An easy way to see this: $20,000 per year in government benefits will be interpreted quite differently by those who can earn $30,000 or $80,000. The resulting disincentives for those with fewer means — to work, to get married, to save, etc. — discouraged many people from engaging in productive, long-term behaviors. This encouraged a cycle of poverty, which undermined the work ethic and family structure and stability. (Murray develops this theme more fully in his recent book Coming Apart.)

Of course, there’s more to life than incentives and narrow understanding of economics. Other social changes also undermined family structure and stability, making things even worse. The results have not been pretty: lower labor-force participation for able-bodied males, dramatic increases in children from single-parent households, etc.

In 1996, federal welfare reform stifled some of the worst aspects of the original War on Poverty. States gained more control and were encouraged to experiment with policy design. This new freedom was attractive to states and almost certainly a better way to implement policy. On something as complex as welfare policy, trying 50 different things is almost certainly better than insisting on a single federal approach.

In particular, states were told to implement “time limits” — to lessen the damage to long-term incentives. And they were encouraged to use “categorization and discernment” in doling out benefits — distinguishing between the particular needs of those in poverty (e.g., job skills, transportation, child care).

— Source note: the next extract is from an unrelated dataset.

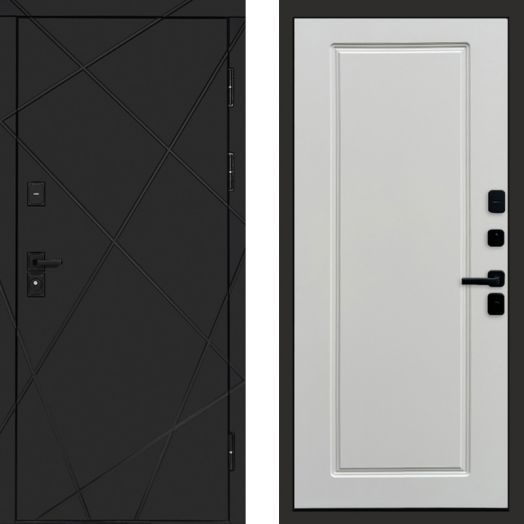 Входная дверь Termo-door Лучи Black - Гранд Белый софт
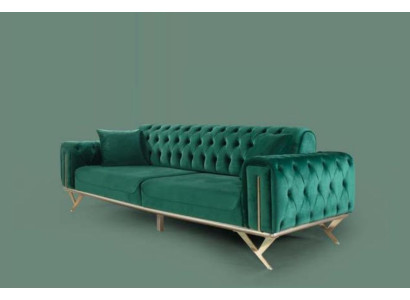 Groene Chesterfield bank driezitter zitbank meubels fluweel hout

Although welfare policy continues to be problematic, Losing Ground’s work on welfare’s inherent disincentives still echoes over time. Hopefully, in the years to come, we will gain more ground than we’ve been losing.

In Pursuit of Happiness and Good Government

I learned about In Pursuit of Happiness and Good Government through an article in Reason magazine during the 1992 election. The editor asked a number of influential thinkers to recommend a book for the new president to read (whether Bush or Clinton). The most frequent choice was In Pursuit of Happiness and Good Government, a book about which I had not even heard.

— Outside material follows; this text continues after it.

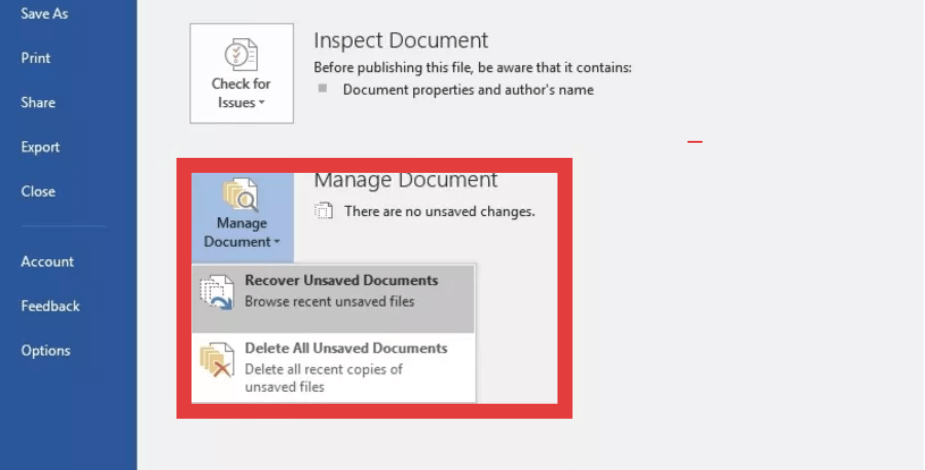 Recover Unsaved Documents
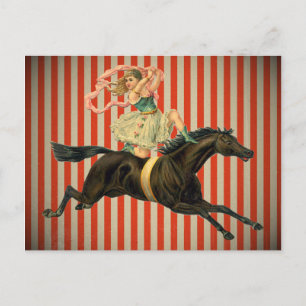 vintage circus acrobat riding a horse postcard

The book has never been all that popular, because it talks about policy in broad terms. But its general approach is also what makes it so valuable. In a word, what are we trying to accomplish with public policy and what are the constraints in using government to achieve various ends?

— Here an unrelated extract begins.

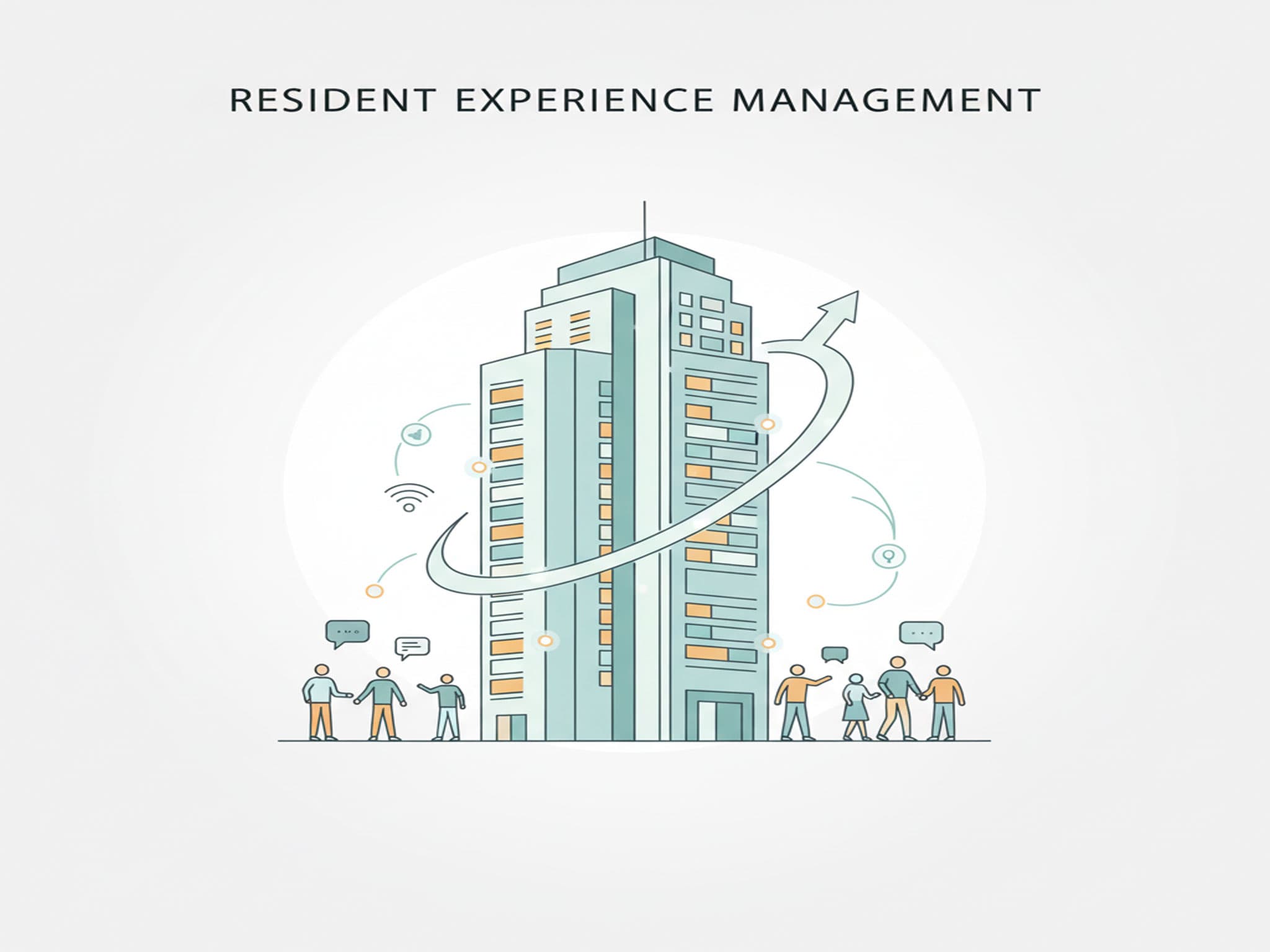A minimalist illustration of a modern residential tower with stylized figures of residents, symbolizing community and a positive living experience.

Murray uses a modified version of psychologist Abraham Maslow’s “Hierarchy of Needs” exercise as his framework: material needs, safety, dignity and self-esteem, and self-actualization. Individuals have goals in each category. It follows that government policy should aim to be helpful — or at least to avoid harm — in each of those categories.

Murray notes that there are often trade-offs between the categories, especially with public policy. What if government policy makes a modest gain in one area, but at the expense of other goals? For example, the government might provide material support in a way that undermines dignity or self-actualization. This leads to vital but often overlooked questions about effective policy.

Murray also describes “thresholds” and “enabling conditions.” Thresholds are the minimal amounts of a category required to have a satisfying life. For example, one needs “enough” food, clothing, shelter, human relationships, etc. — to survive and at least minimally thrive. Reaching the thresholds is vital. Exceeding thresholds can certainly be an improvement, but, on average, the gains are surprisingly modest. For example, people report similar levels of happiness whether they are barely above or far above threshold levels.

“Enabling conditions” can be considered part of a government’s responsibility — setting up “conditions” that enable people to achieve happiness on their own terms. For example, government should help provide safety for its citizens; might provide material support up to a threshold for the indigent; and should broadly establish a general environment in which people can pursue dignity and self-actualization in their daily lives. Again, getting to thresholds is vital. Beyond that, government will not be able to accomplish nearly as much — and might easily interfere with the pursuit of happiness, given policy trade-offs.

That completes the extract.